Directions: When you transcribe the records that follow, reproduce each line exactly as given.

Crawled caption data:

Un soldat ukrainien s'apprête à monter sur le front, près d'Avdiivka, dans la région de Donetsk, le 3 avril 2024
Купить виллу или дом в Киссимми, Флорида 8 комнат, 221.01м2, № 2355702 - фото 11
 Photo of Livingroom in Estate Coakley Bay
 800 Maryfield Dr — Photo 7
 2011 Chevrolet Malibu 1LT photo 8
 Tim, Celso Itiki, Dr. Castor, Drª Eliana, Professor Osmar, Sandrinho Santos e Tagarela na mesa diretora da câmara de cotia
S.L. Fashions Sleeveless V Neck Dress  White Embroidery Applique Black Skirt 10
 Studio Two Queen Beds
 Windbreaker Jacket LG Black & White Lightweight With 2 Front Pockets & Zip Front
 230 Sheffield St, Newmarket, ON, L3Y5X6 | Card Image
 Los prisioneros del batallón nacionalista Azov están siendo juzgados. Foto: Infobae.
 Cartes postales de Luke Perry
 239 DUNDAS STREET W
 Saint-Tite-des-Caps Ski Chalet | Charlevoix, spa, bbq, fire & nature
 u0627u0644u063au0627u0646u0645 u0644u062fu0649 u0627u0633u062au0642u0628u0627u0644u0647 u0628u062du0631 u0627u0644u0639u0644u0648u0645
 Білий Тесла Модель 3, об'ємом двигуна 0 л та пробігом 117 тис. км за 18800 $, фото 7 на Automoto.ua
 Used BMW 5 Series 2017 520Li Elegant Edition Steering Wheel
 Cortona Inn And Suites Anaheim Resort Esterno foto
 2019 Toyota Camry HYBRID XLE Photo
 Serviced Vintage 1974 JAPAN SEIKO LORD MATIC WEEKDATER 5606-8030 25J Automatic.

Exercise response:
Un soldat ukrainien s'apprête à monter sur le front, près d'Avdiivka, dans la région de Donetsk, le 3 avril 2024
Купить виллу или дом в Киссимми, Флорида 8 комнат, 221.01м2, № 2355702 - фото 11
 Photo of Livingroom in Estate Coakley Bay
 800 Maryfield Dr — Photo 7
 2011 Chevrolet Malibu 1LT photo 8
 Tim, Celso Itiki, Dr. Castor, Drª Eliana, Professor Osmar, Sandrinho Santos e Tagarela na mesa diretora da câmara de cotia
S.L. Fashions Sleeveless V Neck Dress  White Embroidery Applique Black Skirt 10
 Studio Two Queen Beds
 Windbreaker Jacket LG Black & White Lightweight With 2 Front Pockets & Zip Front
 230 Sheffield St, Newmarket, ON, L3Y5X6 | Card Image
 Los prisioneros del batallón nacionalista Azov están siendo juzgados. Foto: Infobae.
 Cartes postales de Luke Perry
 239 DUNDAS STREET W
 Saint-Tite-des-Caps Ski Chalet | Charlevoix, spa, bbq, fire & nature
 u0627u0644u063au0627u0646u0645 u0644u062fu0649 u0627u0633u062au0642u0628u0627u0644u0647 u0628u062du0631 u0627u0644u0639u0644u0648u0645
 Білий Тесла Модель 3, об'ємом двигуна 0 л та пробігом 117 тис. км за 18800 $, фото 7 на Automoto.ua
 Used BMW 5 Series 2017 520Li Elegant Edition Steering Wheel
 Cortona Inn And Suites Anaheim Resort Esterno foto
 2019 Toyota Camry HYBRID XLE Photo
 Serviced Vintage 1974 JAPAN SEIKO LORD MATIC WEEKDATER 5606-8030 25J Automatic.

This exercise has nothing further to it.